Antwerp Central station provided us with an impressive greeting after an hour’s train ride from Brussels. The multi-level platforms (fourteen tracks over four levels) give the interior an almost futuristic feel, which is beautifully juxtaposed by the ornate entrance hall with its domed ceiling and neo-gothic exterior. A sight worth visiting in its own right, it’s easy to see why Antwerp Central is considered one of the most beautiful railway stations in the world.
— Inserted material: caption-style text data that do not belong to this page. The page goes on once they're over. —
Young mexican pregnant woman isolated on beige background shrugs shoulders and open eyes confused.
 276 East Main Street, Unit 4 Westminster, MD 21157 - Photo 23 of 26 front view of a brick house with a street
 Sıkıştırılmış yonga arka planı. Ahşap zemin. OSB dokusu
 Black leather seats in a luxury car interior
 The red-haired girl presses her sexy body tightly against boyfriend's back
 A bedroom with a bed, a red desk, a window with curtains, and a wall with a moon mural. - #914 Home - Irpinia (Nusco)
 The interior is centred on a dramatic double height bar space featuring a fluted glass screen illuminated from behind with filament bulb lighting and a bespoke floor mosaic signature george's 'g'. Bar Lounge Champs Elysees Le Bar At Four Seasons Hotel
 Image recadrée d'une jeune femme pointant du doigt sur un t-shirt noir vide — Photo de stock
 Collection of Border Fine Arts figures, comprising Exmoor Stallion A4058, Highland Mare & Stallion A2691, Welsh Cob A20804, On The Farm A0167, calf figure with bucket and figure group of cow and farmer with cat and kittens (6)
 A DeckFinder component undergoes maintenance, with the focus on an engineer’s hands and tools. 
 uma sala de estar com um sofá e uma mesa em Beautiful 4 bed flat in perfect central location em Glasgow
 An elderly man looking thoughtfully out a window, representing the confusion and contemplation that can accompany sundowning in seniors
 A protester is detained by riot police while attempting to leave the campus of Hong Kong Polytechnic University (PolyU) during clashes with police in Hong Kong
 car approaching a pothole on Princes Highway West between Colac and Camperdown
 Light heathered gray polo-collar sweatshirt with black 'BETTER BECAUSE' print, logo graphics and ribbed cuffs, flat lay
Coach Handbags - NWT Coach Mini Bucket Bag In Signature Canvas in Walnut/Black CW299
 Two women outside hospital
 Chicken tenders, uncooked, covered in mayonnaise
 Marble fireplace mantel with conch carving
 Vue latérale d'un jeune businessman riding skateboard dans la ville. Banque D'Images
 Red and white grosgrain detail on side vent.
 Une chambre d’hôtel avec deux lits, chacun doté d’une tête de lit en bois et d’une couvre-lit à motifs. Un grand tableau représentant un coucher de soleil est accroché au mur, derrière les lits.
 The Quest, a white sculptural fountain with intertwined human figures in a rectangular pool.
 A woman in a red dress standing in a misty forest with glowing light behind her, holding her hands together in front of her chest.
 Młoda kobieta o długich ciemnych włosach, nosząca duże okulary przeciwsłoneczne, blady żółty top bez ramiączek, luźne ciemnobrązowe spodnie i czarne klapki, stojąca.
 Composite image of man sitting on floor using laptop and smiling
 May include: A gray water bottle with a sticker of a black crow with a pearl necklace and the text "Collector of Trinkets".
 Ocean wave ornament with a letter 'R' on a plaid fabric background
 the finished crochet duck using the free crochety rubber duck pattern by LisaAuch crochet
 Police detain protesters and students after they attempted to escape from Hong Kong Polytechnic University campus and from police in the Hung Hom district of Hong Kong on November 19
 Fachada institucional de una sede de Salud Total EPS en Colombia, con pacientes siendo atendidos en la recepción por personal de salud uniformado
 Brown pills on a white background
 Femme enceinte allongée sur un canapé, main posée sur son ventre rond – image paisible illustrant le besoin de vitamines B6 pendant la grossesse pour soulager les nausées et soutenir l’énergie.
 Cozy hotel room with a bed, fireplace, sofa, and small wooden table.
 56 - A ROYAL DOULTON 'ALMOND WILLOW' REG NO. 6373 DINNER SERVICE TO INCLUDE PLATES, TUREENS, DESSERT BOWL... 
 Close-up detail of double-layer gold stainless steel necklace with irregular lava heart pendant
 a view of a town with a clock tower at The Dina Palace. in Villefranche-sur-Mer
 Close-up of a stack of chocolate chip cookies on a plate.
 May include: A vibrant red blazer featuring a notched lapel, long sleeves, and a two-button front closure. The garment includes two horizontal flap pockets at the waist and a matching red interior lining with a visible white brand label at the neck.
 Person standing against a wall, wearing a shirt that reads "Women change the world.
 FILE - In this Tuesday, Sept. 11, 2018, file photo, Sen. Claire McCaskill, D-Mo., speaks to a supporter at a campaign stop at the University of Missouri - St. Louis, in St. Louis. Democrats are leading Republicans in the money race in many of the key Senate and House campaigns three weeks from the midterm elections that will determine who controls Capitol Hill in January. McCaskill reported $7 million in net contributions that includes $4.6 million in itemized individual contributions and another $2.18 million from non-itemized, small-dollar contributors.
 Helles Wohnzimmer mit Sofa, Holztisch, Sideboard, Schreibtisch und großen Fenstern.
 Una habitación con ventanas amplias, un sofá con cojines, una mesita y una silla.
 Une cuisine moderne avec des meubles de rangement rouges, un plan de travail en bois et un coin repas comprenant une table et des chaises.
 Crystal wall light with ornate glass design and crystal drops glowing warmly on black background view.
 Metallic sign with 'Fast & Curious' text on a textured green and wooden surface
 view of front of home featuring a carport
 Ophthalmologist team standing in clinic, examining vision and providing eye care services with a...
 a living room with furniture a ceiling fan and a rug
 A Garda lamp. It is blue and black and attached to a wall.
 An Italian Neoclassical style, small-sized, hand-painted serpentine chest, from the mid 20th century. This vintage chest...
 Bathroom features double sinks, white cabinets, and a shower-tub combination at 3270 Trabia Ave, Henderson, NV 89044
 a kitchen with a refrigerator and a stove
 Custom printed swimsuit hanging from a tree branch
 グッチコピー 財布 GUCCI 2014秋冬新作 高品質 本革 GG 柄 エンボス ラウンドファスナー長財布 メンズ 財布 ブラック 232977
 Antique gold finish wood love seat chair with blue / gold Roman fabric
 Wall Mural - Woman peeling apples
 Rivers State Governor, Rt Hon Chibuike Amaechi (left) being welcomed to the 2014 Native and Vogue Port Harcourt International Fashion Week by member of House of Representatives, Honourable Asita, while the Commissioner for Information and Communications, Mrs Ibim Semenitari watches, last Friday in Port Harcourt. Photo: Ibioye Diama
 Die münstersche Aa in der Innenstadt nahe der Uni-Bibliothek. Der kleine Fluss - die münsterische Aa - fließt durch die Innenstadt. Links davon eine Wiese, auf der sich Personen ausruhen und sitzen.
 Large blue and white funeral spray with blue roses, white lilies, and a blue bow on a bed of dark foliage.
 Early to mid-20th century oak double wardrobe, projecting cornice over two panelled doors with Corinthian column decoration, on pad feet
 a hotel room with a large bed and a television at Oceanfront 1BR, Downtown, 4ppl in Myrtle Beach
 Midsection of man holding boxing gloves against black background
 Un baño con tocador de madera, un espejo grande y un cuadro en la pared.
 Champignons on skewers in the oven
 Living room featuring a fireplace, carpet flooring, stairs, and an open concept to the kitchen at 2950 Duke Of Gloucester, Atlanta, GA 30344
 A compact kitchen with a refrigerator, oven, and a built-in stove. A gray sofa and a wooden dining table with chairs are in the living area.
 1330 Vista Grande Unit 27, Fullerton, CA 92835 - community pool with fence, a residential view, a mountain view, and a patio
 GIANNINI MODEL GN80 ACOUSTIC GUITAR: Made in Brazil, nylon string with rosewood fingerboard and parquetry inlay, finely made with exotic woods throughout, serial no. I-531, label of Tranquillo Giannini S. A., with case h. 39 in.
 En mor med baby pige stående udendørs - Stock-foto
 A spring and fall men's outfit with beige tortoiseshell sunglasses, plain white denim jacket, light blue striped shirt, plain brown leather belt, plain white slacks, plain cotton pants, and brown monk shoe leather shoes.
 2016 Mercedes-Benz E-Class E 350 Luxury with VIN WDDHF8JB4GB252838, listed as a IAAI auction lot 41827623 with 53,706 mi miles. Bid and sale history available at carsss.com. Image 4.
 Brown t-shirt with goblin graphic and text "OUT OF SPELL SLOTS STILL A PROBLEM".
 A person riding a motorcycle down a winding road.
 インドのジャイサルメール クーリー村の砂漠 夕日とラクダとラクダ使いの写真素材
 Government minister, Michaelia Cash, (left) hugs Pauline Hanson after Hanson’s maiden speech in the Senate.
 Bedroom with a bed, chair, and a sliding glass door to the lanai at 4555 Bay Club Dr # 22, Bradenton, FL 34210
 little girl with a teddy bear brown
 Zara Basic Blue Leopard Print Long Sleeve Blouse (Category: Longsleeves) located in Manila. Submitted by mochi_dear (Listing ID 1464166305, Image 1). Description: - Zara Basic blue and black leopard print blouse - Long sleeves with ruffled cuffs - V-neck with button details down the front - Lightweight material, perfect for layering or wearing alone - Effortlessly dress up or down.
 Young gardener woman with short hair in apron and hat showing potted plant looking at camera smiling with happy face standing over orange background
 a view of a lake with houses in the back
Upon exiting the station we found ourselves on the Meir, the main shopping street of Antwerp which leads all the way to the Town Hall. The usual suspects can be found along the pedestrianised street – from the likes of Zara, Esprit, Karen Millen, and Galleries Inno – alongside a couple of hidden gems tucked away behind unassuming entryways: the Paleis op de Meir and the Stadsfeestzaal.
Paleis op de Meir (Palace on the Meir)
This mid-18th century palatial building was formerly used by the Belgian royal family (and even by Napoleon once upon a time). Part of the former palace now houses the Chocolate Line chocolate shop whose walls still maintain some of the original murals, making for an extremely beautiful setting for chocolate sampling.
Stadsfeestzaal (City Festival Hall)
The large hall was originally built at the beginning of the 1900s as a permanent location for official festivities and is now an impressive shopping arcade that combines historical and modern architecture to great effect. It houses four levels of fashion and homewares shops and eateries, and links to the upmarket shopping street, Hopland.
Grote Markt (Great Market Square)
Reminiscent of Brussels’ Grand Place, Antwerp’s Grote Markt is an inviting town square surrounded by beautiful guild houses. Along one side of the square is the renaissance-style Town Hall, which is listed as a UNESCO World Heritage Site and covered in international flags to represent the importance of international trade to this port city.
Onze-Lieve-Vrouwekathedraal (Cathedral of Our Lady)
The market square is also the perfect spot to take in the sight of the gothic Cathedral of Our Lady, whose impressive spire somehow manages to permeate almost every view throughout the city centre – at 123 metres high, it is hard to miss!
Het Steen (Stone Castle)
A leisurely stroll along the raised promenade on the Scheldt riverbank led us to Het Steen, a medieval fortress and Antwerp’s oldest building. Guarded by a statue of a giant, who we later learned was ‘Lange Wapper’, a character in Flemish folklore who used to menace the city’s inhabitants in medieval times, Het Steen has since been used as a prison, a sawmill, a fish warehouse (!) and more recently as a museum. It is currently used as an information centre, offering a range of workshops and an outdoor summer bar.
Chinatown and surrounds
I couldn’t leave Antwerp without a quick exploration of Chinatown, and although it was pretty underwhelming I’m glad we made the detour which led us to stumble upon the Aquatopia aquarium and the Antwerp Zoo – how had these slipped under my radar? They definitely warrant another visit to Antwerp – and soon!